→ **Prompt**
Word for word, restate the lines of the listing from the one that holds "audi-q4-e-tron-2022-eletrico-0cc" through the very last line, and nothing more.
*** Task data ***
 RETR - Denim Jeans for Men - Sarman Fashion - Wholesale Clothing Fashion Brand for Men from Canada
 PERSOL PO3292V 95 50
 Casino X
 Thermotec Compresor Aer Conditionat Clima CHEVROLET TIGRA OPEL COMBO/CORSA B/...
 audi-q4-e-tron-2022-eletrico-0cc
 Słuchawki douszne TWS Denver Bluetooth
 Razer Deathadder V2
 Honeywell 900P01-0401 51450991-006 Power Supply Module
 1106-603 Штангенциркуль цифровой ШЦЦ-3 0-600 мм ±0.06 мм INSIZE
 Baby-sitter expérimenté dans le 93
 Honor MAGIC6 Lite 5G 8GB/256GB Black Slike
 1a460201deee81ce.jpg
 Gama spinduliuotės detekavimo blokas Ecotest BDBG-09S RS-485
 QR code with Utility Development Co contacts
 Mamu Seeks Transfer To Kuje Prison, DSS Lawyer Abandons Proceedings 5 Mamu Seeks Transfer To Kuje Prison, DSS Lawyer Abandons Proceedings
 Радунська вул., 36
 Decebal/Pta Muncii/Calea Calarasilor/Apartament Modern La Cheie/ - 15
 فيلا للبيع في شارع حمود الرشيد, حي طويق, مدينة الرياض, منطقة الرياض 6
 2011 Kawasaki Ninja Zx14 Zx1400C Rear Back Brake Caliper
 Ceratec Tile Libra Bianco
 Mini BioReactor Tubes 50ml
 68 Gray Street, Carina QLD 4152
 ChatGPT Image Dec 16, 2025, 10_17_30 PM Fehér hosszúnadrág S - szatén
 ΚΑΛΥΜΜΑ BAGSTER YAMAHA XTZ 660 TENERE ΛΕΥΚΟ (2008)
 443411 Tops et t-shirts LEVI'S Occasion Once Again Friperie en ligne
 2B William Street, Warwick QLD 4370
*** End of Task data ***
→ **Solved problem**
 audi-q4-e-tron-2022-eletrico-0cc
 Słuchawki douszne TWS Denver Bluetooth
 Razer Deathadder V2
 Honeywell 900P01-0401 51450991-006 Power Supply Module
 1106-603 Штангенциркуль цифровой ШЦЦ-3 0-600 мм ±0.06 мм INSIZE
 Baby-sitter expérimenté dans le 93
 Honor MAGIC6 Lite 5G 8GB/256GB Black Slike
 1a460201deee81ce.jpg
 Gama spinduliuotės detekavimo blokas Ecotest BDBG-09S RS-485
 QR code with Utility Development Co contacts
 Mamu Seeks Transfer To Kuje Prison, DSS Lawyer Abandons Proceedings 5 Mamu Seeks Transfer To Kuje Prison, DSS Lawyer Abandons Proceedings
 Радунська вул., 36
 Decebal/Pta Muncii/Calea Calarasilor/Apartament Modern La Cheie/ - 15
 فيلا للبيع في شارع حمود الرشيد, حي طويق, مدينة الرياض, منطقة الرياض 6
 2011 Kawasaki Ninja Zx14 Zx1400C Rear Back Brake Caliper
 Ceratec Tile Libra Bianco
 Mini BioReactor Tubes 50ml
 68 Gray Street, Carina QLD 4152
 ChatGPT Image Dec 16, 2025, 10_17_30 PM Fehér hosszúnadrág S - szatén
 ΚΑΛΥΜΜΑ BAGSTER YAMAHA XTZ 660 TENERE ΛΕΥΚΟ (2008)
 443411 Tops et t-shirts LEVI'S Occasion Once Again Friperie en ligne
 2B William Street, Warwick QLD 4370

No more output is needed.